Nauczcie się oddzielać życie prywatne od zawodowego. To szalenie trudne w takim układzie, ale jeśli wasze rozmowy będą dotyczyły tylko pracy, za chwilę może okazać się, że nie potraficie dyskutować o niczym innym. Związek oparty tylko na czymś takim raczej nie ma szans.

NIE RYWALIZUJ

Owszem, to może nakręcać do działania. Niestety łatwo o przekroczenie cienkiej granicy. Rywalizacja, która przynosi wspaniałe efekty, może zmienić się w destrukcyjną wojenkę. Pomijając fakt, że pozbawiasz się kogoś, kto ci kibicuje i wspiera cię z twoim rozwoju.

I KTO TU RZĄDZI?

Kwestia hierarchii... Gdy ktoś jest szefem, a ktoś podwładnym sprawy się komplikują i to bardzo. W takim przypadku kwestia oddzielenia pracy od życia prywatnego wchodzi na wyższy poziom zaawansowania, a raczej trudności. Warto przemyśleć taki układ dziesięć razy, nim zdecyduje się w niego wejść.

Jeśli już jednak w nim jesteś, to musisz mieć świadomość, że ktoś może zarzucić ci, że stworzyłaś/stworzyłeś ten związek dla zysku, dla awansu, dla przywilejów... Ludzie w biurze mogą mówić, że masz lepiej, że jesteś faworyzowana/faworyzowany.

Pewność co do swoich możliwości i umiejętności może być ratunkiem dla waszej relacji, bo nie będziesz sobie nic robić z takiego gadania. W innym przypadku lęk przed oceną i niepokój będziesz przenosić na to, co dzieje się między wami. Będziecie ciągle o tym rozmawiać, tracąc szansę na miłe spędzenie czasu.

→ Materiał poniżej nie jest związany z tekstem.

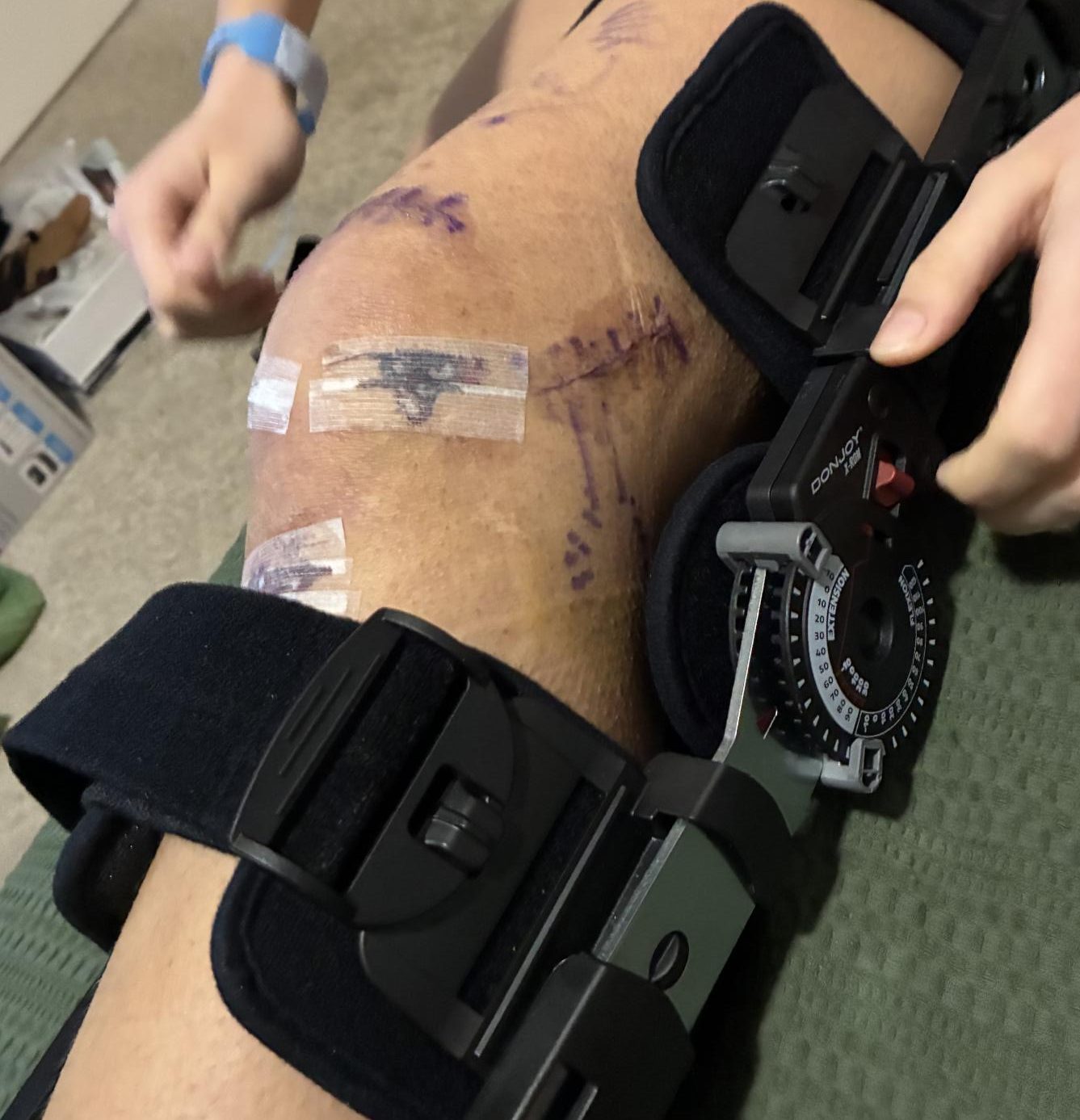 Massmann's left knee post surgery and in a stabilizing cast. Image provided by Sam Massmann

Być może będziesz odrzucać propozycje związane z rozwojem, na które ewidentnie zasłużyłaś/zasłużyłeś, bo będziesz bać się, że ktoś zarzuci ci, że to dzięki "łóżkowym spotkaniom". W pewnym momencie możesz się ocknąć, że stoisz w miejscu. Czy warto płacić taką cenę?

Jest jeszcze druga strona medalu. Szef (w tym wypadku twój partner) zwraca ci uwagę w pracy – oczywiście chodzi tylko i wyłącznie o twoje zawodowe obowiązki – a ty wyrzucasz mu to zachowanie w prywatnej sytuacji, obrażasz się i czujesz żal. To jest niedozwolone. Nie prowadzi do niczego dobrego.